Upgrading a commercially-available Fault Current Limiter to a more cost-effective device for enabling additional capacity and improving energy efficiency, by limiting destructive fault currents

Fault currents (or short circuit currents) in electrical networks are unavoidable. Short circuit current levels can be few times and up to many tens of times higher than the normal current levels in the network.
As the complexity of networks increases with growing demand, rapid addition of distributed generation sources and meshing of networks - fault currents increase significantly. If fault current levels increase beyond the capabilities of the network equipment - measures must be taken to reduce these levels.

Saturated core fault current limiters (FCL) are advanced network infrastructure devices used in electrical grids in order to reduce the level of current when a short circuit occurs. Saturated core FCLs are commercially available, reliable and proven devices. GridON's FCLs are particularly attractive to network operators, since they are built using standard transformer technology. Such devices have been operating for several years in Great-Britain with outstanding results both in normal operation and in fault events.

These devices are series connected to the network. They react instantly to fault currents and present high impedance to significantly reduce the fault current level during the entire fault duration.

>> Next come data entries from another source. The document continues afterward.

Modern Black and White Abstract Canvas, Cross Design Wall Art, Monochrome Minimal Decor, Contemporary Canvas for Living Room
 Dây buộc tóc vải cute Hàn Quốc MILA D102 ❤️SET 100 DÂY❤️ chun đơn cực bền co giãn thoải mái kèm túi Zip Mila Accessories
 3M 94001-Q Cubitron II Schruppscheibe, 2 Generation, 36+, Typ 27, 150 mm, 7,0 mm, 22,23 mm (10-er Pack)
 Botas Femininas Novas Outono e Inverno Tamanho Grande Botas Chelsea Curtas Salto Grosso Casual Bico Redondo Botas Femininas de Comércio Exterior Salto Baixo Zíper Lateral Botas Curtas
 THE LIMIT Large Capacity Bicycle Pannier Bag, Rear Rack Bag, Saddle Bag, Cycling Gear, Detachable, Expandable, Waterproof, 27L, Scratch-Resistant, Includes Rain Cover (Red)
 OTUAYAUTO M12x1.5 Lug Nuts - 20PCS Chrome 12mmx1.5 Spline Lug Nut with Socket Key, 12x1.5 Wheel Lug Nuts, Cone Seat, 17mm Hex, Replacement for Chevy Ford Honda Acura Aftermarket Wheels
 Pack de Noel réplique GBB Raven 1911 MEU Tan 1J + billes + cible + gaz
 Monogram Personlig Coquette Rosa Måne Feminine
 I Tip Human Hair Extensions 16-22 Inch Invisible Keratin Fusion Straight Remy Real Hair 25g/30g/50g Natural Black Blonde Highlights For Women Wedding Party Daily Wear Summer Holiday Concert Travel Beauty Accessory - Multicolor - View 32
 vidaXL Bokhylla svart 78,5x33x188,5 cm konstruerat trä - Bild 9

They recover immediately to normal operation once the fault is cleared.

Yet some applications can benefit from increased performance envelope and also from reduced size and mass. Such enhancements can increase the addressable space these devices can cater for, and increase their adoption rate in the market. Specifically - applications such as distributed generation connections and industrial grids - will benefit greatly from such improvements. Requests for distributed generation connection to distribution networks are continuously rising, and very often rejected due fault current headroom, particularly in dense urban areas. Availability of reduced size FCLs would allow such connections to be approved in increasing rates, and in turn contribute to lower electricity prices, improved power quality and network availability and capacity.


This project aims to achieve such enhancements by utilizing auxiliary subsystems that can enable designing saturated core FCLs that are up to 85% lighter than existing ones, while improving their performance envelope.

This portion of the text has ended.